Key Experimental Results¶
Main Results on HunyuanVideo¶
| Method | Type | VBench↑ | LPIPS↓ | Latency (s) | Speedup | Memory (GB) |
|---|---|---|---|---|---|---|
| HunyuanVideo | - | 82.26 | - | 1043.85 | 1.00× | 47.64 |
| + ARnR | Sparse | 82.39 | 0.211 | 790.55 | 1.32× | 78.15 |
| + STA | Sparse | 82.33 | 0.201 | 676.39 | 1.54× | 51.79 |
| + PAB | Cache | 82.40 | 0.186 | 815.51 | 1.28× | >80 |
| + VORTA | Sparse | 82.59 | 0.185 | 594.23 | 1.76× | 51.15 |
| + VORTA & PAB | Combined | 82.56 | 0.195 | 444.19 | 2.35× | >80 |
| + PCD | Distill | 81.17 | 0.564 | 125.98 | 8.29× | 47.64 |
| + VORTA & PCD | Combined | 81.49 | 0.575 | 72.46 | 14.41× | 51.15 |
Ablation Study (Wan 2.1 1.3B, 480p)¶
| Configuration | VBench↑ | Latency (s) | Speedup |
|---|---|---|---|
| Wan 2.1 baseline | 81.20 | 73.24 | 1.00× |
| w/o sliding attention | 80.25 | 65.14 | 1.12× |
| w/o coreset attention | 79.89 | 66.10 | 1.11× |
| w/o full attention (fallback branch removed) | 77.14 | 59.34 | 1.23× |
| w/o timestep conditioning | 81.03 | 65.00 | 1.13× |
| Average pooling AP(2,1,1) | 77.08 | 57.53 | 1.27× |
| Average pooling AP(1,2,1) | 76.01 | 57.64 | 1.27× |
| VORTA (full) | 81.06 | 58.42 | 1.25× |
Key Findings¶
- VORTA slightly outperforms the original model on VBench (82.59 vs. 82.26), possibly due to a regularization effect from pruning redundant attention.
- Removing the full attention branch causes a 4-point VBench drop with no additional speedup, confirming the existence of critical attention heads.
- Removing timestep conditioning causes the router to uniformly select the same branch across all steps, resulting in degraded performance and reduced speedup.
- BCS significantly outperforms simple average pooling (81.06 vs. 75.94–77.08), validating the necessity of selective pruning.
- Routing patterns exhibit clear temporal regularity: coreset attention dominates in early steps, transitioning to sliding attention in later steps.
Highlights & Insights¶
- Theoretically grounded design: The three-category attention taxonomy provides a clear theoretical basis for assigning distinct sparse strategies.
- Linear complexity of BCS: The bucketed strategy reduces coreset selection from \(\mathcal{O}(L^2)\) to \(\mathcal{O}(L)\), which is key to practical acceleration.

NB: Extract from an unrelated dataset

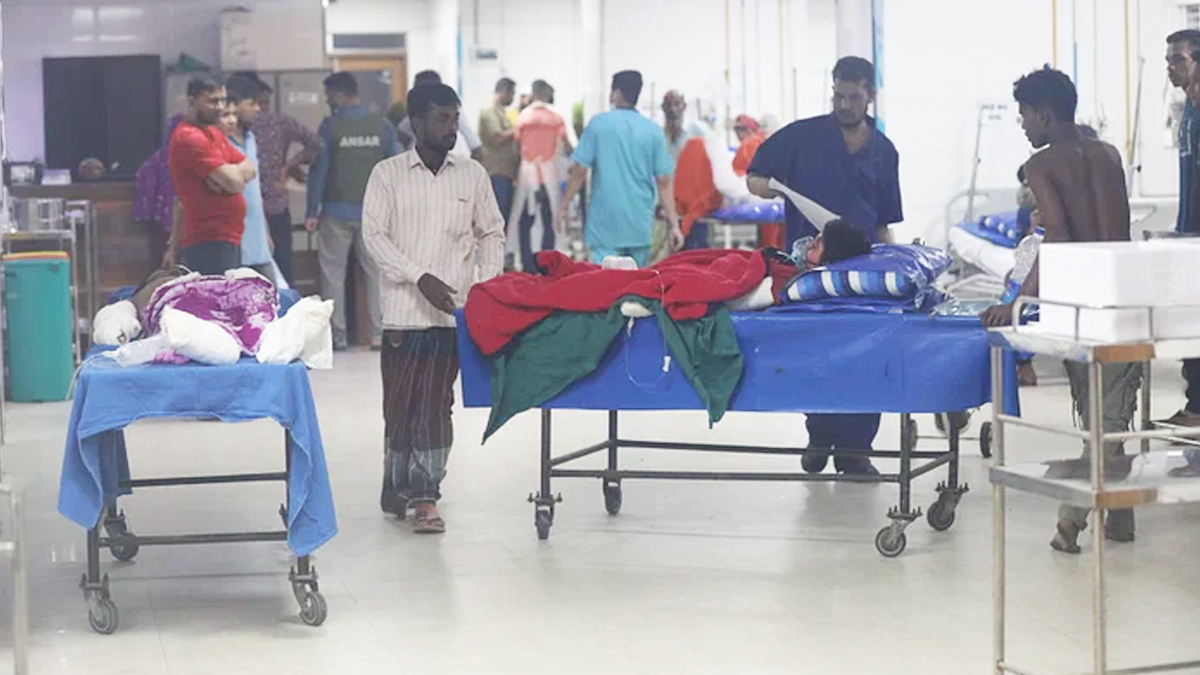 সিলিন্ডার বিস্ফোরণ: বার্ন ইউনিটে ৩২, শরীরের অর্ধেকের বেশি অংশ পুড়ে গেছে ১৫ জনের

- Strong composability: VORTA is orthogonal to caching (PAB) and distillation (PCD) methods, achieving 14.41× acceleration when combined.

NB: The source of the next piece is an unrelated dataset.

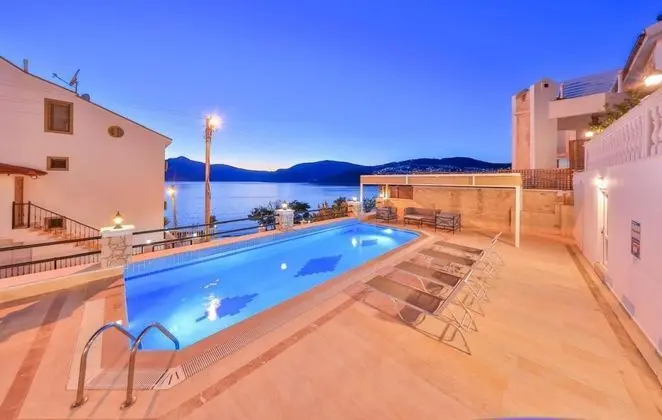 Özel Havuzlu Villa, Deniz ve Dağ Manzaralı, Şömineli ve Balkonlu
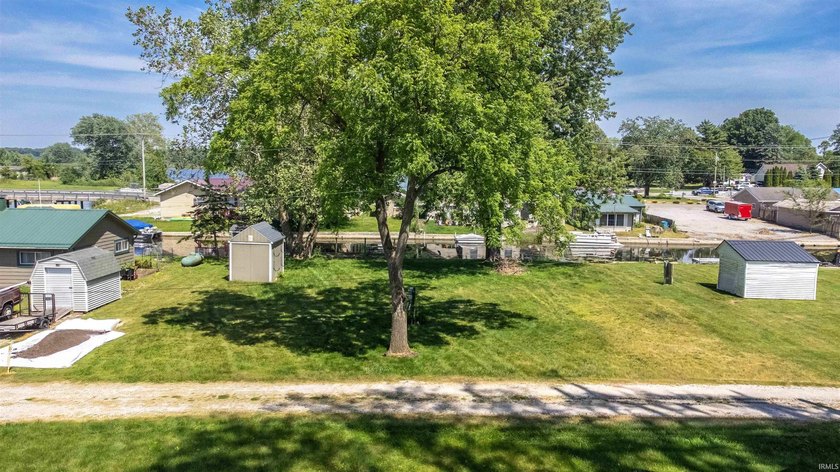 Buildable Channel Lot Alert!! Don't miss this opportunity to - photo 9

- Scheduler generalization: Adapts to different ODE solvers and step counts without re-analysis.
- Backbone generalization: Validated on both MMDiT (HunyuanVideo) and DiT (Wan 2.1) architectures.
Limitations & Future Work¶
- Primarily targets attention acceleration; limited speedup for short sequences (images or low-resolution video).
- Only supports bidirectional generation paradigms; autoregressive video generation requires substantial adaptation.
- When the pretrained model itself produces artifacts (e.g., distortions or physics violations), VORTA inherits and may amplify these issues.
- Router training requires approximately one day, which, while far less than pretraining, is still non-trivial.
- The coreset ratio is fixed at 50%; adaptive ratios could further optimize the efficiency–quality trade-off.
Related Work & Insights¶
- Sparse attention: STA (Sliding Tile Attention), ARnR (online analysis), SVG
- Video diffusion acceleration: PAB (feature caching), PCD (consistency distillation)
- Conditional computation: MoE (Mixture of Experts), BlockDrop
- Video generation: HunyuanVideo, Wan 2.1, CogVideoX
- Insights: The routing mechanism design can be generalized to other conditional computation scenarios; BCS's linear-complexity coreset selection is applicable to long-context LLM inference.
Rating¶
- Novelty: ⭐⭐⭐⭐☆ — The combination of coreset attention and signal-aware routing is a novel design.
- Experimental Thoroughness: ⭐⭐⭐⭐⭐ — Comprehensive evaluation across multiple backbones, schedulers, and combinations, with detailed runtime analysis.
- Writing Quality: ⭐⭐⭐⭐⭐ — Taxonomically clear with excellent figure design.
- Value: ⭐⭐⭐⭐⭐ — Significant practical speedup with open-sourced code and weights.